校車里暖氣很足,一股熱浪撲面而來,在他的眉毛和牙齒上結了水汽。他們搖搖晃晃地走上校車,車里只有第四排坐著一個穿著猩紅色校衣的學生,帽簷壓得很低,偏過頭去看著窗外,胸前印著他們學校標志性的巨大字母「o」。
蘇瑞深一腳淺一腳、似乎還沒有從雪地里走路的狀態下脫離出來似的走向校車最后一排。他們跌跌撞撞坐下。然后蘇瑞曲起胳膊,手托著臉向窗外看去,好像立誓要保持沉默。
「……你剛才說,你爸爸受傷了?」
蘇瑞飛快地瞥了他一眼,在校車前進的嗡鳴中不著痕跡地「嗯」了一聲。
「他還好吧?」林鶴洋愈發覺得自己在沒話找話。
「還好。」蘇瑞簡短地回答,「腿上受了些傷,大概要幾個月才能好,我媽一個人沒法照顧。」
林鶴洋有點如坐針氈,他抬起手又放下,像個小丑。「那個、……」他最后說,「那你回國之后還會回來嗎?」
蘇瑞斜著眼睛看他,從飛挑著的眼角。「不會了吧。」
「可是……!」
可是……
「你當初不是因為想離開那個家才來到這邊的嗎?」
和他一樣。
——雖然、是的,林鶴洋心里清楚得很,他和蘇瑞是完全兩個世界的人,但從某些角度講,他就是覺得他們兩個遭遇相同,又或者是他過于一廂情愿了。
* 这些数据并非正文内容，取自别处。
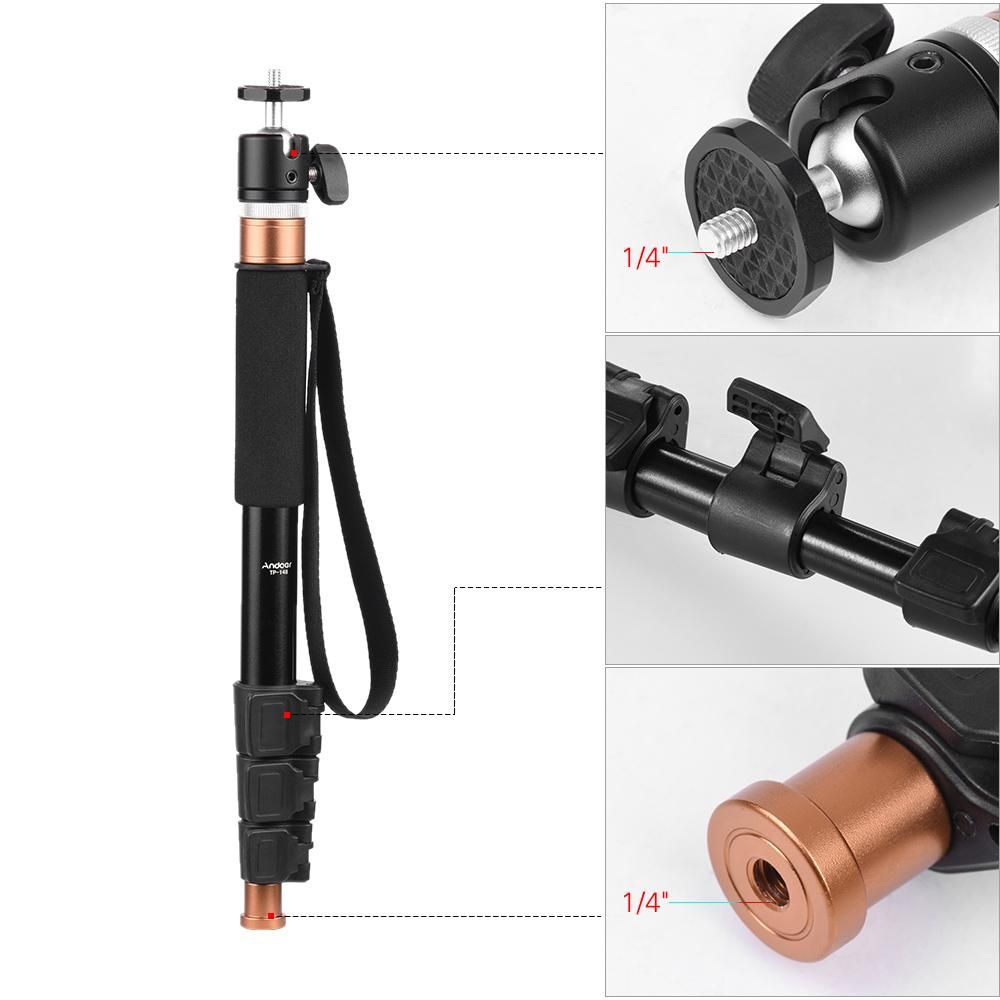 Andoer TP-148 94.6cm/37.2'' Adjustable Lightweight Monopod Unipod Microphone Boom Pole Max. Load 5kg for Camera & Microphone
蘇瑞的表情在他話音落罷的時候垮下來。那個人把手臂放在前排座椅靠背上,差不多就快要趴在那上面。「父母之命嘛,我總不能拋下我爸媽不管。」
「所以你就要這樣拋下所有努力,拋下所有未來了嗎?」
蘇瑞的情緒好像更加低落了。他的聲音悶在臂彎里,「大概是吧。」
「你之前還說我是我爸那個不會違抗命令的乖兒子呢。」林鶴洋憤憤道,「現在看來實際上我才是那個反抗的人吶。」
蘇瑞終于認真地望向他,「那希望你繼續保持。」
「你爸爸沒關係吧?他怎么會突然受傷?」
「你不知道吧,我爸是警察,在派出所做了一輩子一線的民警呢。」
這種事他確實不知道。他應該知道嗎?他明明和蘇瑞沒有熟悉到對彼此家庭知根知底的地步。即便他們相識半年,還一起去三藩旅行,但好像看上去他們之間就是隔著一層紙,不是隨意就可以捅破的那種,而是鋼筋鐵板做成的紙。
——直接說是鋼筋鐵板就好了。他暗自破罐破摔地想。
「那他的工作應該蠻危險的吧?」
「派出所能有什么危險的?」蘇瑞回答,「大部分不過是老公打老婆,兒子打老媽,走在路上因為一些雞毛蒜皮打起來之類的。也有過危險的,我上小學的時候,有個人拿著菜刀在十字路口要砍人,被我爸制服了,事兒了了之后我還跟著去了表彰會,連學校都點名表揚了我爸。我那時候可自豪了……」
林鶴洋很用力地點點頭。他想,他也曾因為擁有過那樣一個高大威嚴、一錘定音的父親而自豪過。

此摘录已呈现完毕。